Acredito que sim, porque a literatura moçambicana ainda está em formação identitária. É um processo. Talvez aqueles autores não sejam muito diferentes, mas as suas peculiaridades são boas, sobretudo quando são postas em choque. Por exemplo, Andes Chivangue tem uma escrita muito crua, dura e enxuta, diferente de outros poetas como Amosse Mucavele, Mbate Pedro ou Nelson Lineu, com poesia mais leve. Com isto, percebe-se estilos literários, e é enriquecedor perceber esses estilos.
Trabalha com o cânone literário moçambicano, na sua área de pesquisa. Como o descreve?
O cânone moçambicano foi definido a partir de obras que transmitem e resgatam elementos culturais do seu povo e sua gente. Os autores que os conhecemos como canónicos são os que promovem esse resgate. O meu estudo é com base nesses autores que já são consagrados e também na promoção dos novos autores.
Em Maputo referiu-se a singularidades e influências entre a literatura moçambicana e angolana. Ainda se pode falar de influências, actualmente?
Creio que não. Houve pouca no passado e hoje ainda menos. Moçambique está um pouco afastado e partilha mais essa singularidade com países de língua inglesa.
Sugestões artísticas para os leitores do jornal O País?

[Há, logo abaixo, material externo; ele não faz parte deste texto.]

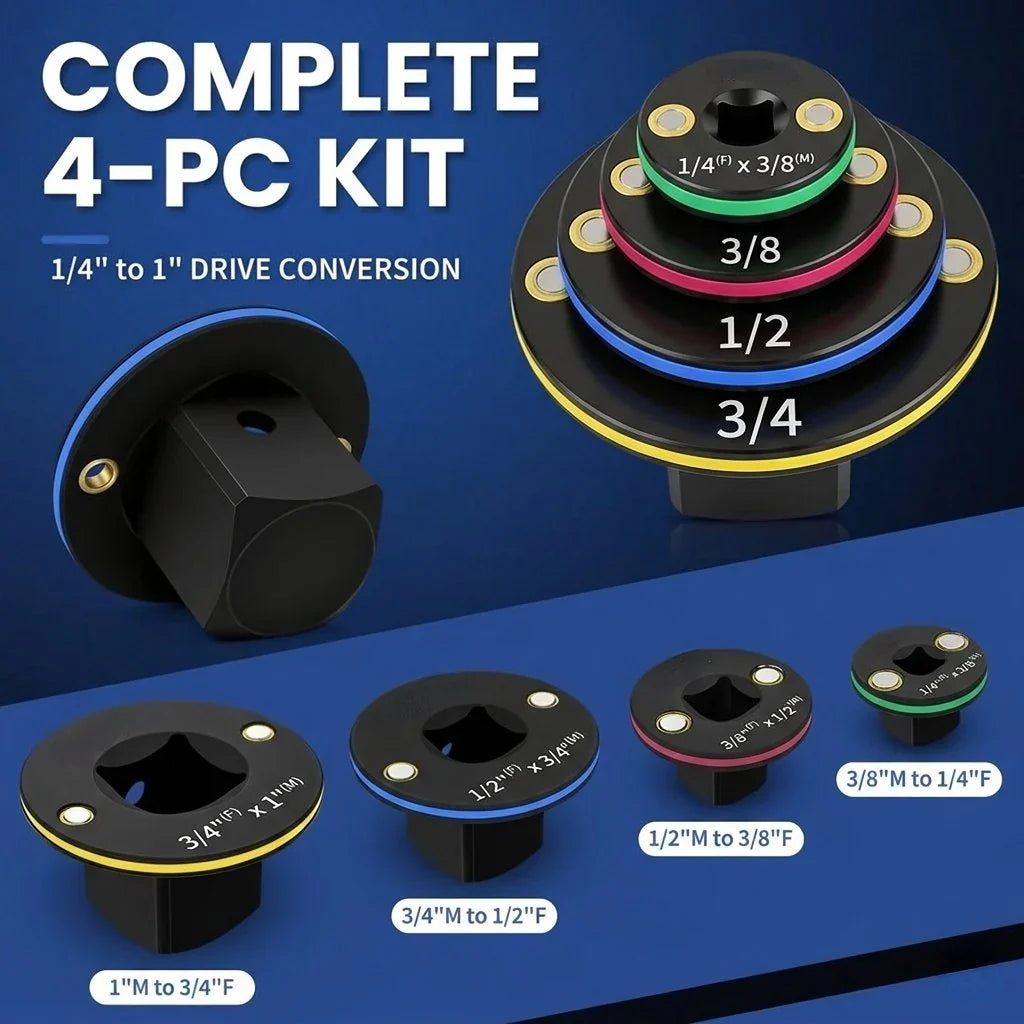 4-Piece Low-Profile Magnetic CR-MO Impact Socket Adapter Kit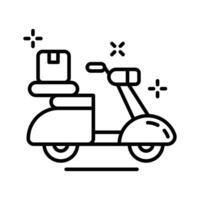 Trendy linear icon of fast scooter delivery service. vector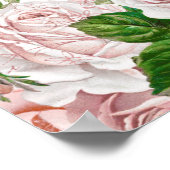 Elegante Roze Roze Waterverf Bloem Bruiloft Feest Poster (Hoek)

Sugiro “Fogo preso”, de Andes Chivangue, as obras de Lucílio Manjate, de Chico Buarque e Conceição Evaristo.
Perfil
Vanessa Riambau Pinheiro é professora e pesquisadora brasileira. Doutorada em estudos literários, Riambau é especialista em literaturas africanas de língua portuguesa. Leciona na Universidade Federal da Paraiba, e o seu campo de pesquisa inclui o cânone literário moçambicano. É autora de “Letras na poesia, versos universitários”.